Number of combinations of a ternary sequence with restrictions. If you are given a ternary sequence (a sequence of numbers which only contain $0$, $1$, and $2$'s) which is composed of 15 numbers.  Let's say you must have $6$, $0's$, $5$, $1's$, and $4$, $2's$, then you can arrange this sequence in $\binom{15}{6}$ ways for the $0$'s, then we have $15-6=9$ places left to arrange the $1$'s.  So we can arrange the $1$'s in $\binom{9}{5}$ ways, and finally for the $2$'s we can arrange them in $\binom{4}{4}$ ways.  So in total we can have: $\binom{15}{6}\binom{9}{5}\binom{4}{4}$ ways of arranging this 15 ternary sequence.
However, what if we put a restriction on this sequence.  For example, the first $1$ must be preceded by a $0$ (ex: $2200100101011$).  Or the first $0$ precedes the first $1$ and the first $1$ precedes the first $2$ (ex: 000010201211212).  How would you go about counting the total number of ways now, with these type of restrictions?

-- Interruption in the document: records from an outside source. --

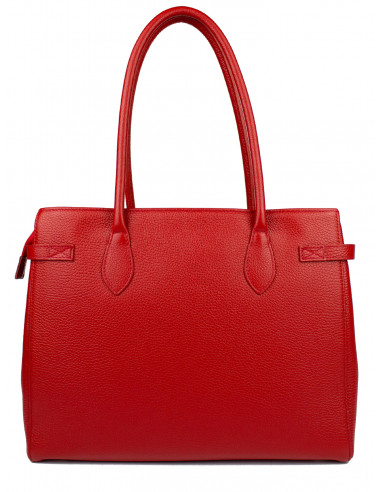 Dámská elegantní kožená kabelka Giostra Aga Grande se zámečkem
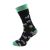 Novelty Photographer Woven Design, Navy Blue & Green, Unisex Adult Socks UK 5-12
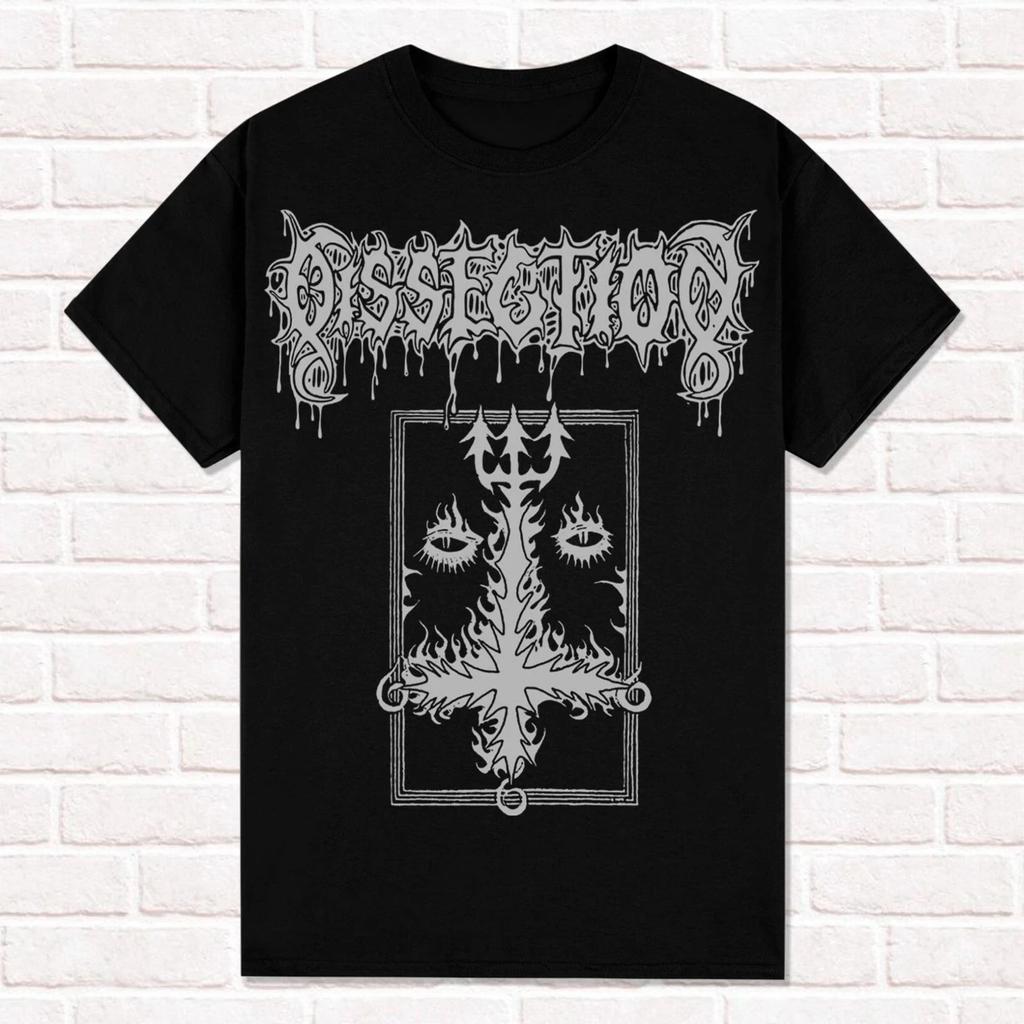 Koszulka Dissection Przeszłość Żyje Wczesne Psoty Melodyczny Black Metal Letnia Bawełniana Męska Damska Góra T-shirt Streetwear Casual
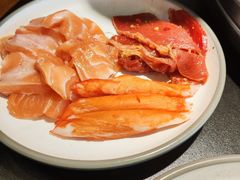现切三文鱼-東盛炭烤自助料理(浦东文峰广场店)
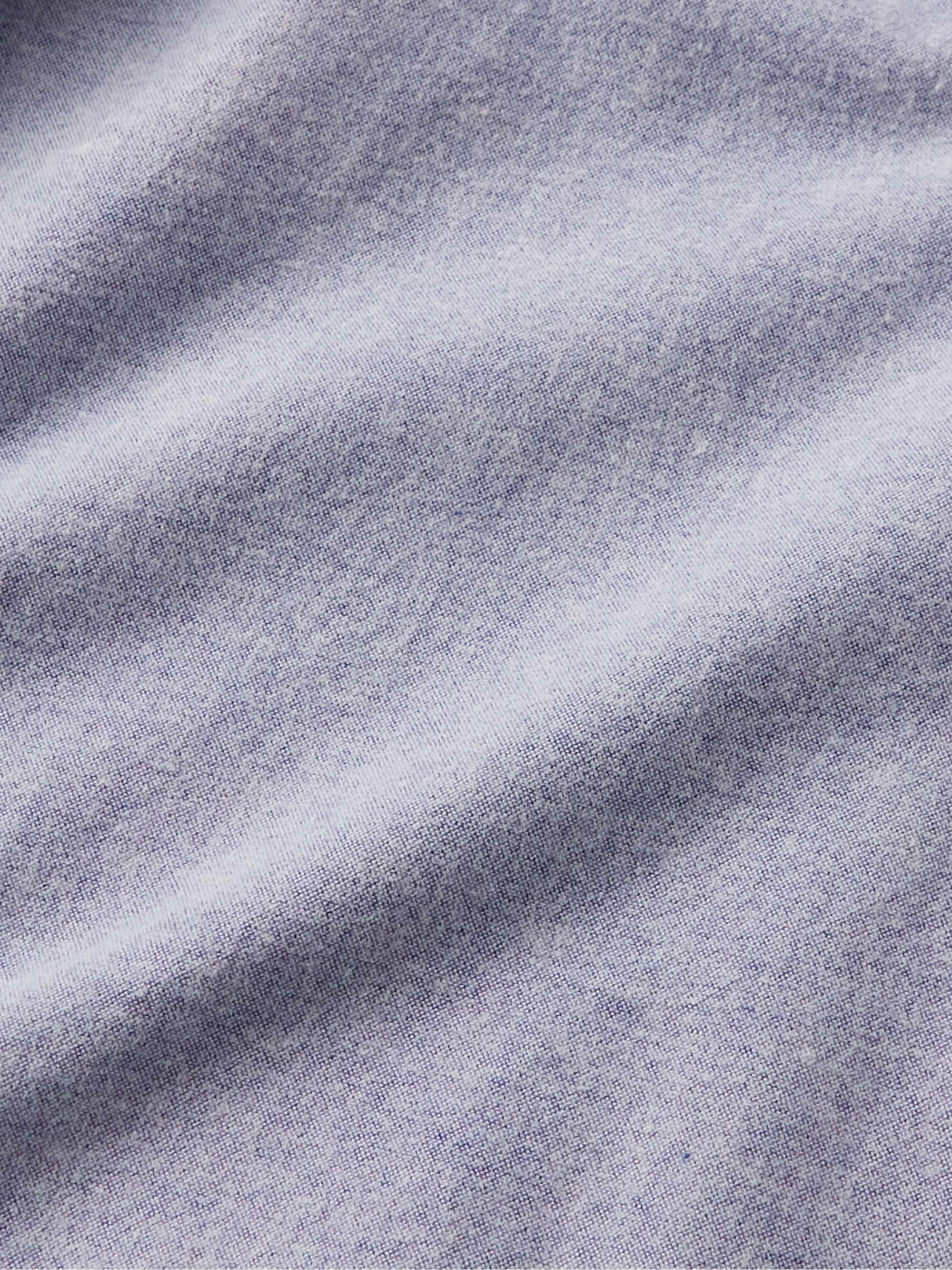 NN07 Arne Button-Down Collar Cotton-Poplin Shirt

 A: To simplify your initial thoughts on ternary arrangements, you have a multiset with three distinct elements and a number of repetitions - in your example, $\{(0,6),(1,5),(2,4)\}$ and the arrangements of the elements are simply the trinomial coefficient
$${15 \choose 6,5,4}=\frac{15!}{6!\,5!\,4!}$$
Then subsequent constraints can often be represented by breaking the possible strong into parts as @lulu mentions. However the examples you describe I would attack in step-by-step insertion method using stars-and-bars assuming that the multiset specification remains the same. 
Thus the first problem starts with $6$ zeroes and $6$ places to allocate the $1$s:
$$ 0\,\,\_\,\,0\,\,\_\,\,0\,\,\_\,\,0\,\,\_\,\,0\,\,\_\,\,0\,\,\_ $$
giving ${10 \choose 5}$ options, then ${15 \choose 4}$ further options to place the $2$s by a similar process (or by "masking" $0$s and $1$s together, same answer).
$$ {10 \choose 5}{15 \choose 4} = \frac{10!}{5!\,5!}\frac{15!}{11!\,4!} = \frac{15!}{11\cdot 5!\,5!\,4!}$$
Similarly the second problem restricts placement of the $2$s into the $1$s, then restricts placing the $1/2$ string into the $0$s.